Rau war so etwas wie ein Papa für viele Musiker. Er holte Bob Dylan, die Rolling Stones oder Jimi Hendrix nach Deutschland. Er veranstaltete Konzerte für Miles Davis und Marlene Dietrich. Für Blues Fans unvergessen sind die Tourneen mit den von ihm und Horst Lippmann produzierten “American Folk Blues Festivals”.

Seinen 80. Geburtstag feierte er in der ehrwürdigen “Alten Oper” in Frankfurt. Hier verneigten sich vieleMusiker und Bands vor dem lautstarken, aber immer warmherzigen Menschen, darunter Peter Maffay, Udo Lindenberg mit dem Panik-Orchester, Howard Carpendale, die Barrelhouse Jazz Band, United Blues Experience, Inga Rumpf, Nana Mouscouri, Ula Meinicke oder Emil Mangelsdorff. Er schrieb auch eine Autobiographie mit dem Titel “50 Jahre Backstage”.

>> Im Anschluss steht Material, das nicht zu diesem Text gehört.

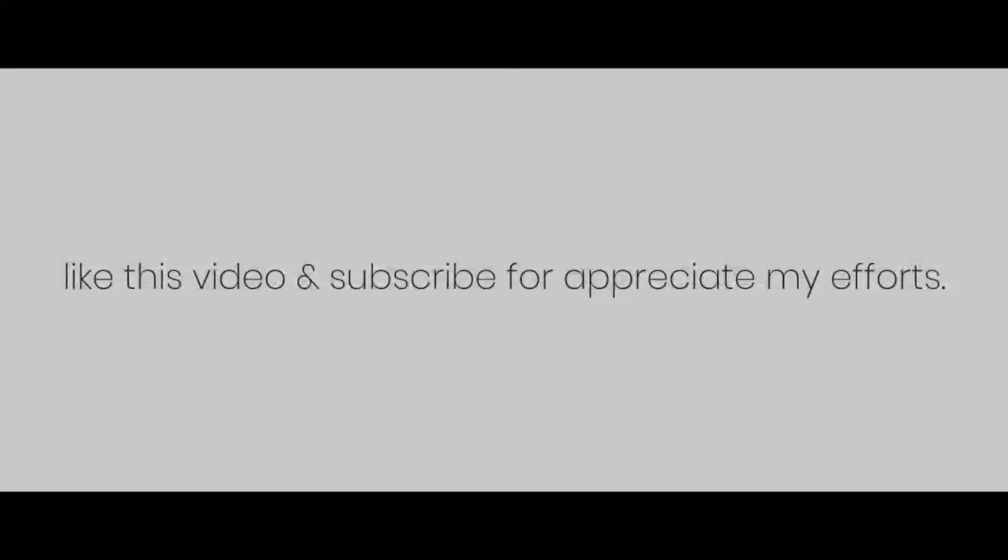Hope it will help you. Like this video and subscribe to appreciate my efforts. Thanks for watching, stay safe, stay home.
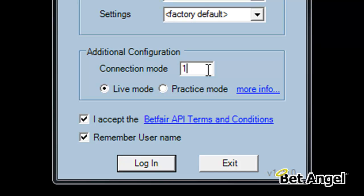My rule of thumb is I always have two versions of BetAngel running: one in connection mode 0, which is your standard mode, and one connected in connection mode 1 that's not refreshing.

Die letzten Jahre seines Leben kletterte Rau öfter selbst auf die Bühne und hielt spannende Vorträge, bei denen er sich auch  immer musikalisch begleiten ließ. Jetzt wo er auf die andere Seite der Zeit gewechselt ist darf man darüber rätseln, ob er derzeit im Himmel schon an einer Tournee mit Janis Joplin oder Jim Morrison arbeitet. R.I.P.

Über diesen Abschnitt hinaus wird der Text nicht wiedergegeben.